> Task objective
In the records below, the line with "Moncler Embossed-logo Track Pants" and every line after it must be written out exactly; no pictures belong in the result.
========================================================================
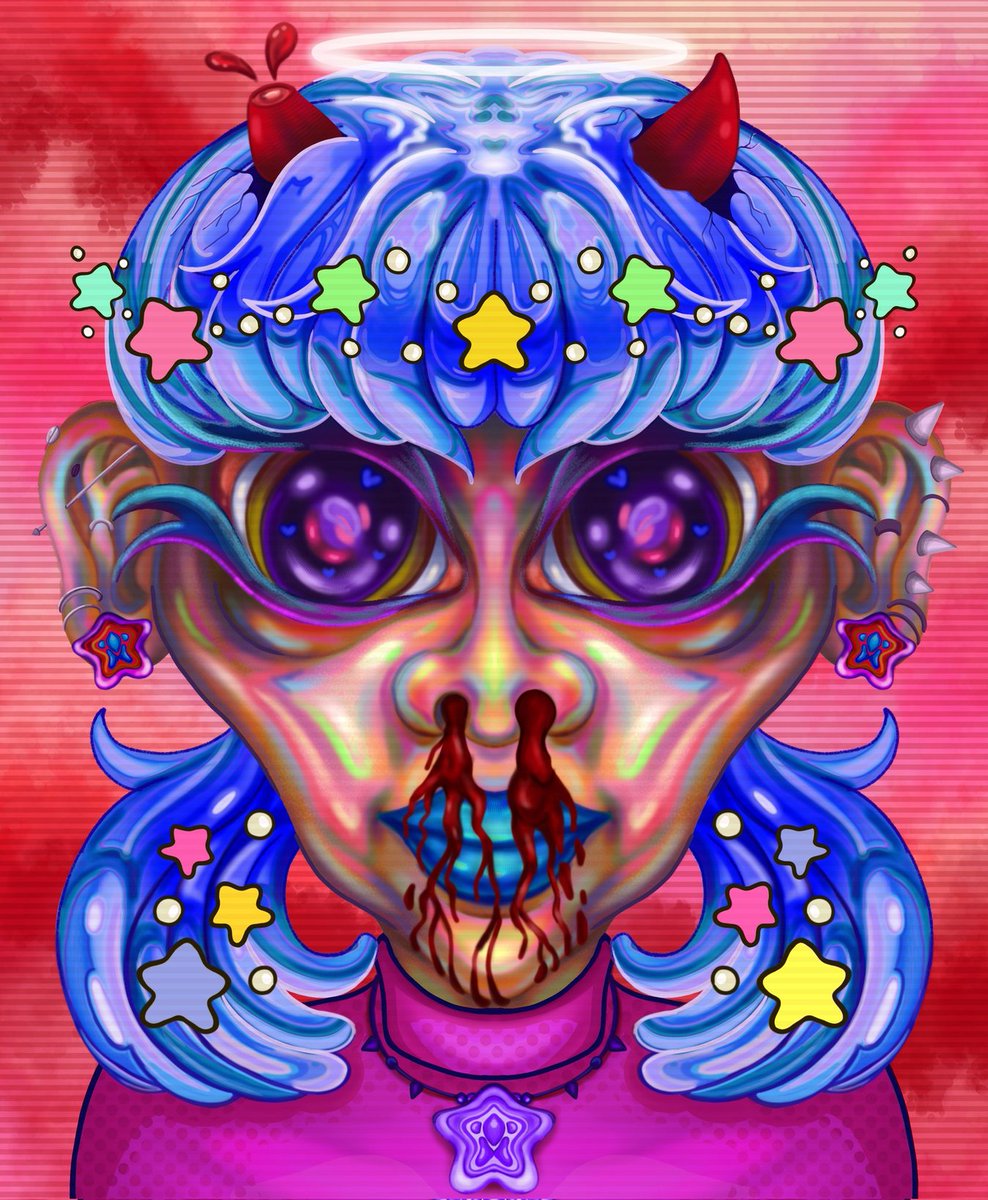 <a href="/LobecNFT/">L◎BEC</a> <a href="/agusAditya_/">arkitekd</a> <a href="/paldipaldi/">paldipaldi | Faldian Irfandi</a> <a href="/deerendy/">DJONI COBRA</a> @fauziraisyuli <a href="/nidzartt/">𝐍𝐈𝐃𝐙𝐀𝐑𝐓</a> <a href="/ArtsyRyo/">artsyryo</a> @AQMALAMQA <a href="/A_Shekarriz/">AliShekarriz.ᴱᵀᴴ.ᵀᴱᶻ</a> <a href="/haningwaslost/">Haningwaslost.eth 🌕</a> <a href="/reverse_visuals/">reverse</a> @_nft_babe_ <a href="/pichwish/">Pichwish 🌕</a> <a href="/panichthearch1/">panichthearch🌕🌕🌕💥</a> <a href="/jnnamet/">Jnnamet 🌕</a> @Hoizonart <a href="/GcoolB/">GCOOL👽WORLD</a> <a href="/metrodoraa/">A S H A M</a> <a href="/oksana_korda/">Oksana Korda ✨🌌</a> <a href="/arditty/">Lina Irem Arditty</a> <a href="/rorscratch/">Alexis Marsh</a> <a href="/moriza/">MoDo</a> <a href="/Ferrari_Party/">Ferrari Party</a> @see_leyb <a href="/RichardNadler1/">Richard Nadler</a> @josiahalanlee <a href="/DeportedPhotog/">Deported (deported.tez/sol)</a> <a href="/simpliminist/">SMPLMNST</a> <a href="/ssartje/">ssartje</a> @KakDesh <a href="/halorena/">Rena👩🏻‍🎤✨</a> @rheabambulu <a href="/Kndeka_/">𝗞𝗔𝗘𝗡𝗗𝗘𝗞𝗔 ⓚ</a> <a href="/Saintsuffers_/">SAINTSUFFERS</a> <a href="/ciddman/">citra kemala</a> <a href="/xonurunderx/">Onur Ünder</a> <a href="/adiw_galih/">Adiw</a> <a href="/addienfch/">Ⱥddien | SpektrumTCG</a> <a href="/_stulka/">✧ STULKA ✧</a> <a href="/adindanyan/">adindanyan</a> <a href="/theoryofvision/">Gilang Nanda</a> <a href="/beansboyzz/">Beansboyz Friend's</a> @afronautzz <a href="/alteredgenie/">Alteredgenie</a> <a href="/bongdoe/">doe</a> @stickynotes_NFT Thank you for the tag Mas Lobec 🙏🏻🙏🏻
I don't have 4 NFTs yet, but I'll share my latest artworks

I'll tag <a href="/diveerr_/">DIVER</a> <a href="/Kndeka_/">𝗞𝗔𝗘𝗡𝗗𝗘𝗞𝗔 ⓚ</a> <a href="/legalies_/">Revisionis 👾</a> <a href="/alienswer/">alienswer 🌻</a>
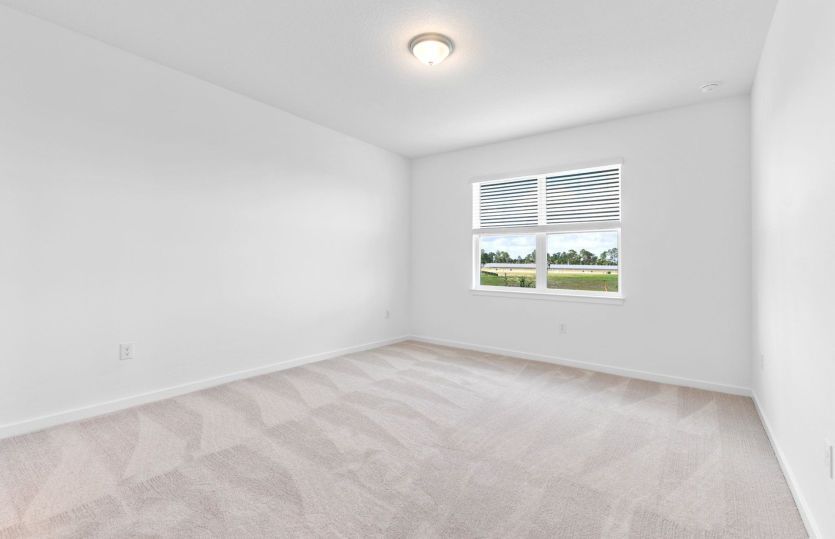 Owner's Suite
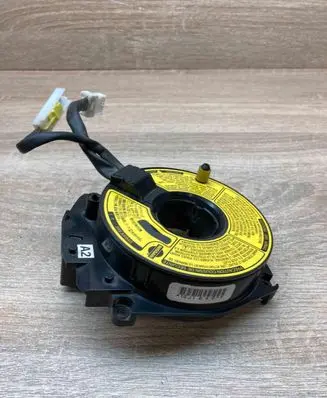 Nissan Almera N16 Airbag slip ring squib (SRS ring) 1GJ1040H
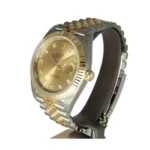 Rolex Datejust 126233 “Yellow Rolesor” Ultimate Clone Quality - Image 2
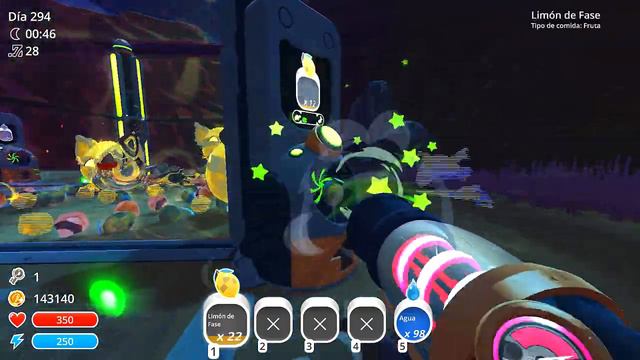 MIS GALLINAS DE LUJO #7 | SLIME RANCHER T2 | TRUSH смотреть онлайн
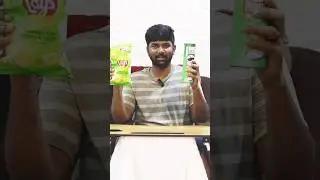 Lays & Pringles comparison | tamil | voidspace | redlight | greenlight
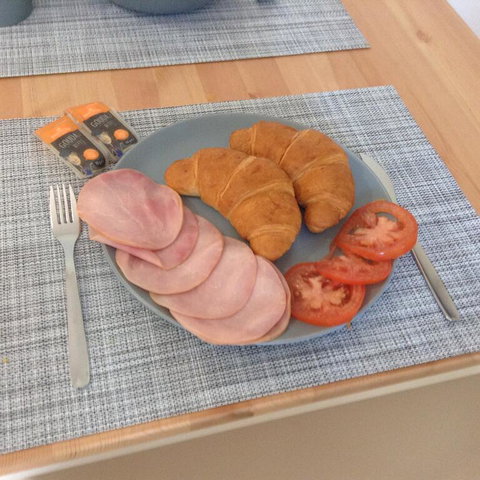 Petrie Garden Studio - Hotel Accommodation 2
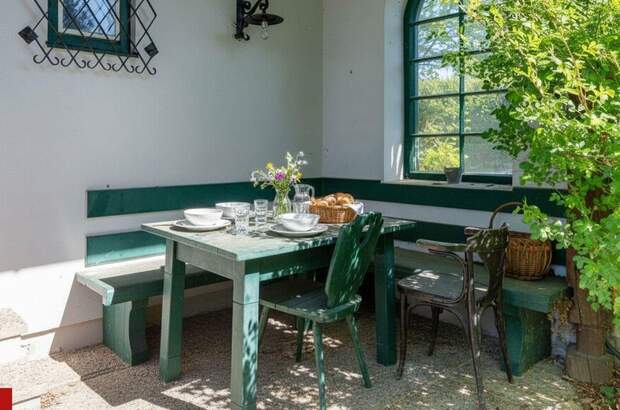 Haus mit Garten kaufen in 8280 Stadtbergen (Bild 2)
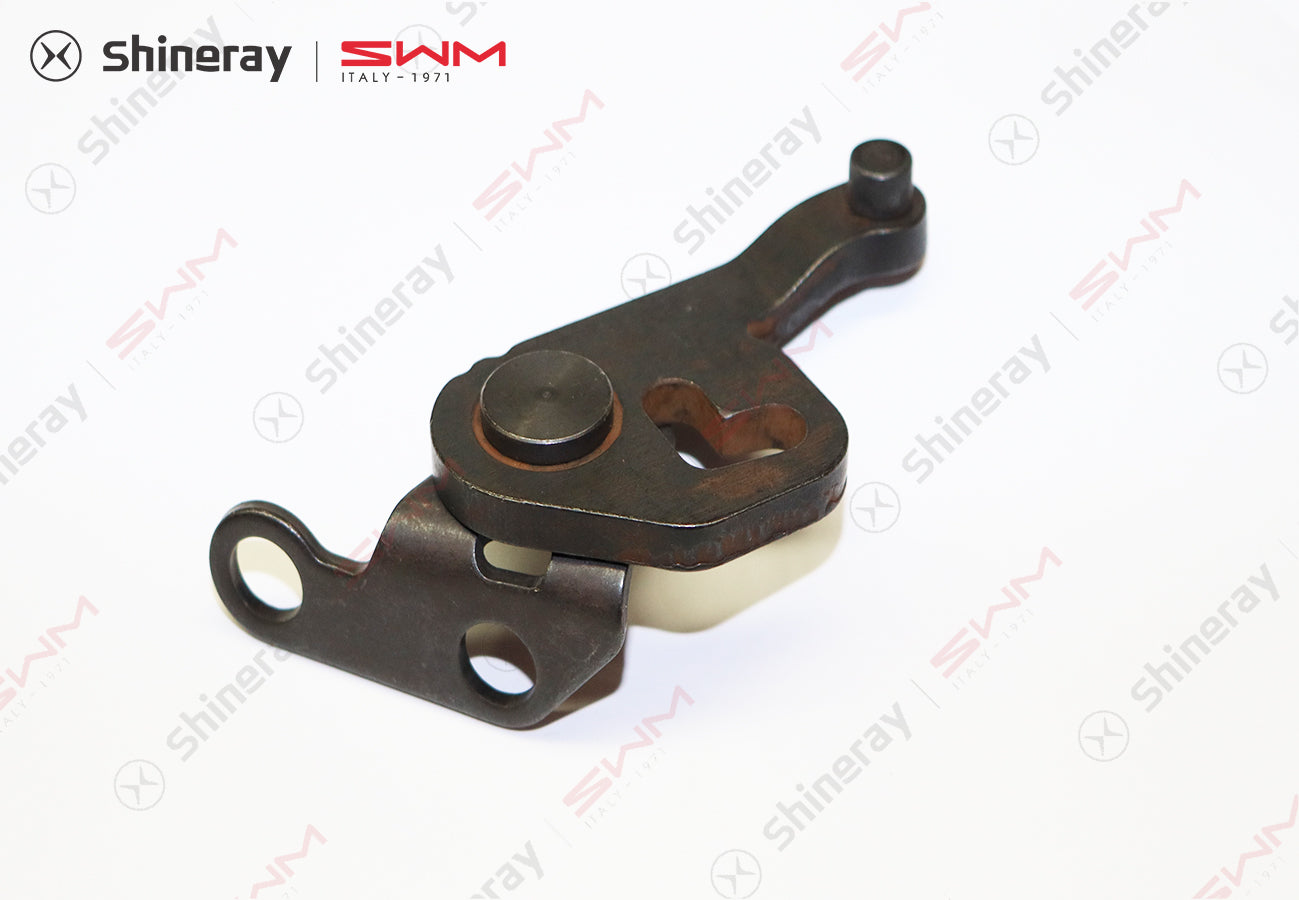 1702290-00000-X510A01>Reverse gear shift fork assembly
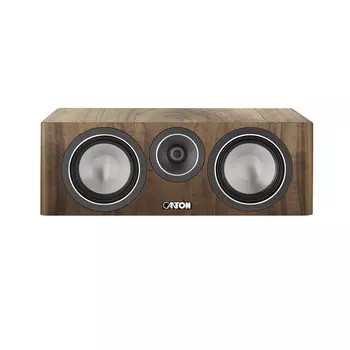 Центральный канал Canton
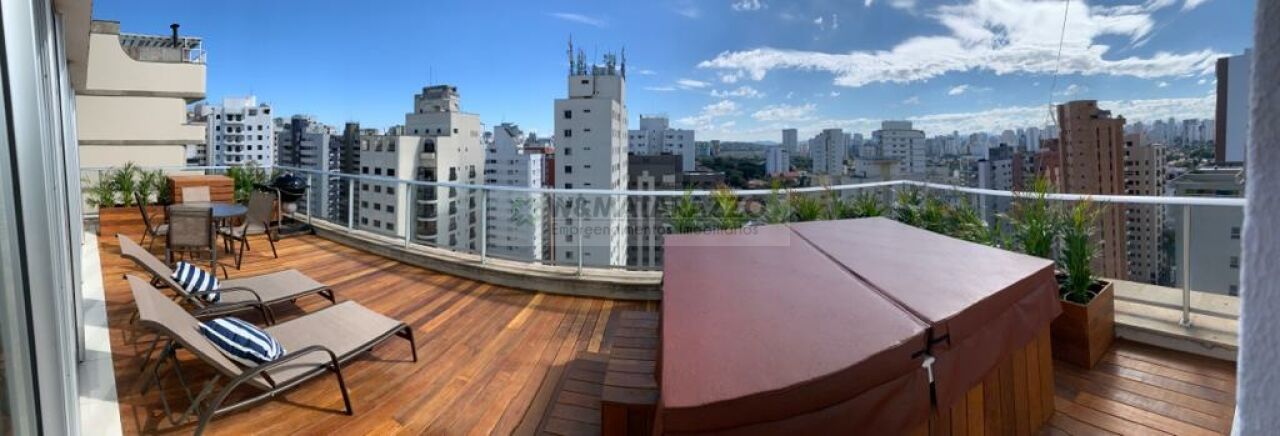 Apartamento Brooklin Paulista 2 dormitorios 2 banheiros 2 vagas na garagem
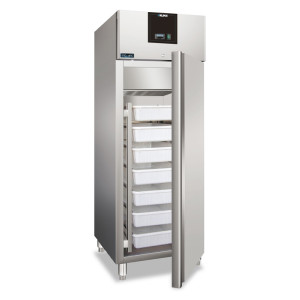 Klimaitalia Armadio Refrigerato Tropicalizzato Gastronorm per Pescheria - Capacità N° 7 Vasc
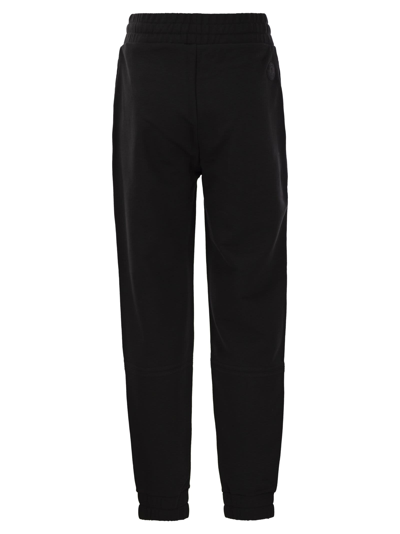 Moncler Embossed-logo Track Pants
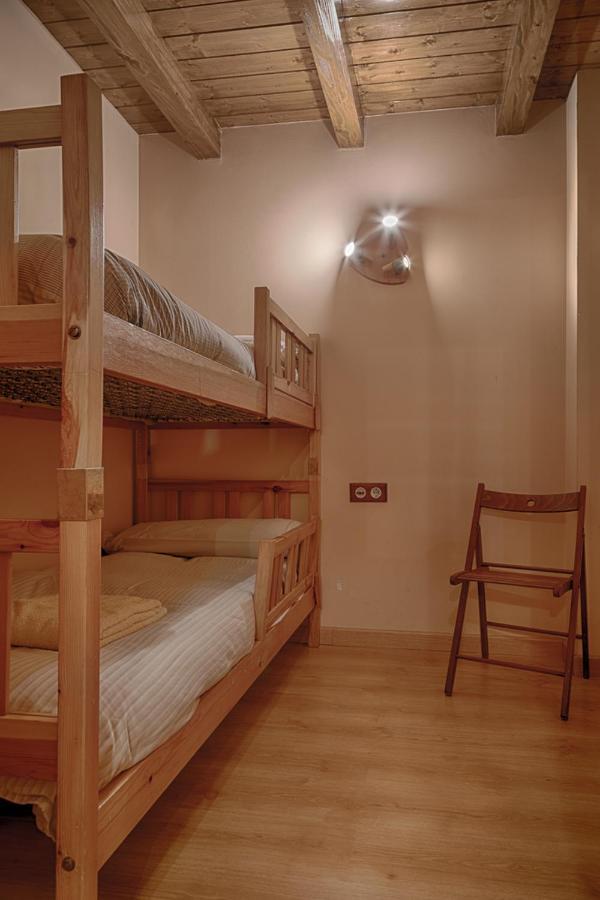 Plaus Villa Bossost Ngoại thất bức ảnh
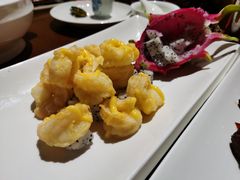 -逸林轩中餐厅(中信泰富朱家角锦江酒店)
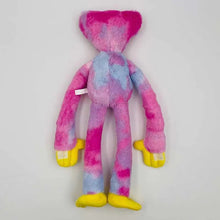 Lade das Bild in den Galerie-Viewer, Huggy Wuggy Poppy Playtime Kuschel Figuren (ca. 40cm) kaufen - Pk.toys
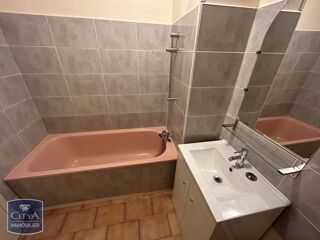  Appartement � louer 1 pi�ce 24 m�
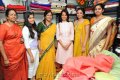 Amala Akkineni launches Shree Shrungaar Saree Exhibition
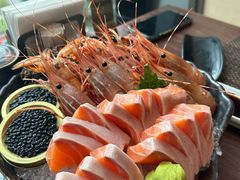 -田舍家Inakaya·炉端烧·铁板烧(天汇igc店)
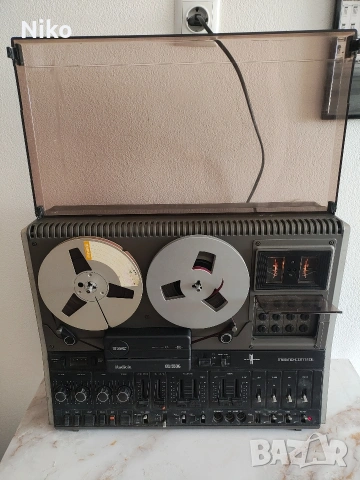 ролков магнетофон RADIOLA -PHILIPS-ARISTONA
========================================================================
> Solved exercise
 Moncler Embossed-logo Track Pants
 Plaus Villa Bossost Ngoại thất bức ảnh
 -逸林轩中餐厅(中信泰富朱家角锦江酒店)
 Lade das Bild in den Galerie-Viewer, Huggy Wuggy Poppy Playtime Kuschel Figuren (ca. 40cm) kaufen - Pk.toys
  Appartement � louer 1 pi�ce 24 m�
 Amala Akkineni launches Shree Shrungaar Saree Exhibition
 -田舍家Inakaya·炉端烧·铁板烧(天汇igc店)
 ролков магнетофон RADIOLA -PHILIPS-ARISTONA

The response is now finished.